Movies are never as good as the books they’re based on. This is what I tell myself whenever I see a movie adaptation of a favorite novel.
Don’t compare them; they’re different. Don’t obsess over the casting decisions; they’ll never look like how you think they should (although “Gone Girl” did a great job with Rosamund Pike).
I walked into “Where’d You Go Bernadette” with this exact mantra in mind, sitting back as the lights dimmed.
Of course, sometimes they surprise you, most likely when it’s been a few years since you last read the book and can enjoy the movie without cringing too many times.
And then there are the films that recognize a book as inspiration but take the story in a different direction, choosing what can fit into a 2-hour time slot and be interesting enough to keep an audience’s attention. These are the success stories, when done well, and when the readers of a beloved book can recognize how different formats produce different stories.
The film stars Cate Blanchett as rising star architect Bernadette Fox, who gives up a promising career to move to Seattle with techie husband, Elgin Branch (Billy Crudup) to raise sweet and sarcastic daughter Bee.
But the thing is, Bernadette hates people; detests their fake niceties, deplores social events, and absolutely cannot stand the moms at Bee’s school who hound her about sleepovers, fundraisers and bringing cupcakes to the annual bake sale.
But when Bee reminds her parents about a promised vacation to Antartica, Bernadette has to confront everything she’s afraid of and would prefer to jump out a window (literally), forcing Bee to search for where she may have gone.
The characters in the movie are funny, frustrating, and more real with a skilled set of actors than most page-to-screen adaptations can accomplish.

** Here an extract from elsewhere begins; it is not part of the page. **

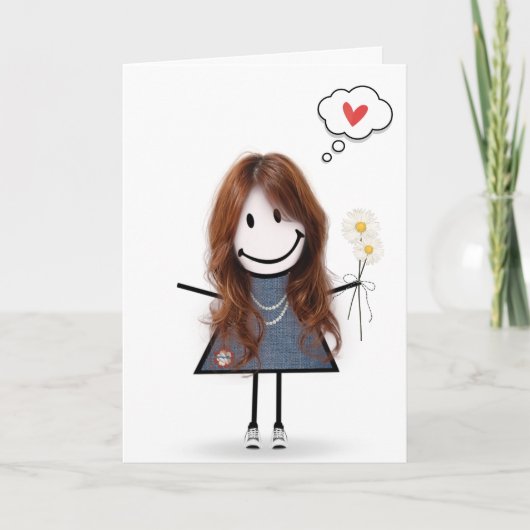 Carte Stick Figure Girl Thinking of You (Devant)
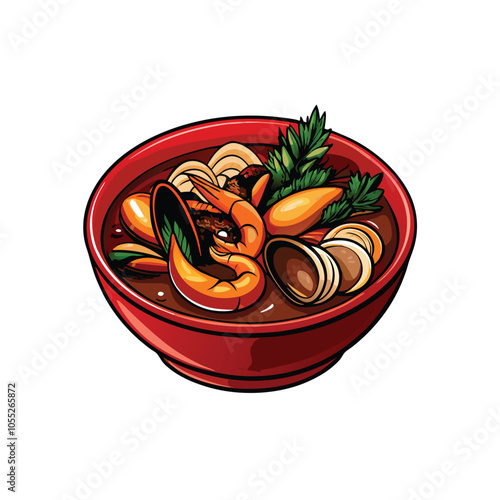 A meticulously crafted vector illustration of a steaming bowl of traditional bouillabaisse, showcasing its vibrant, rich ingredients and the authentic French culinary experience.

Whereas the book slowly revealed Bernadette’s story through FBI files, emails, and notes in 352 pages, the movie went inside the mind of Bernadette to share her struggles and anxieties, her hatred of Seattle gnats bugging her about an unkempt yard, and a husband giving in to the pressure of what everyone else sees in his wife.
I have always loved Cate Blanchett; she can play any character without giving away the fact that she is acting.
I often wonder what she would be like in real life, away from her roles as Carol, Lou, and Queen Elizabeth. With brown hair, a sharp American accent, and bangs, she completely inhabited the part of Bernadette Fox, becoming a character I liked better than I one I read about years before.
In 130 minutes, viewers experience the hilarious, and at times heartbreaking, unraveling of a family that is forced to cross oceans to come together again. If you don’t want to go to feel closer to your family, then go for Kristen Wiig. Never have I seen her in such a role, and she nailed it.
“Where’d You Go Bernadette” (Rated PG-13) will be released nationwide on August 16.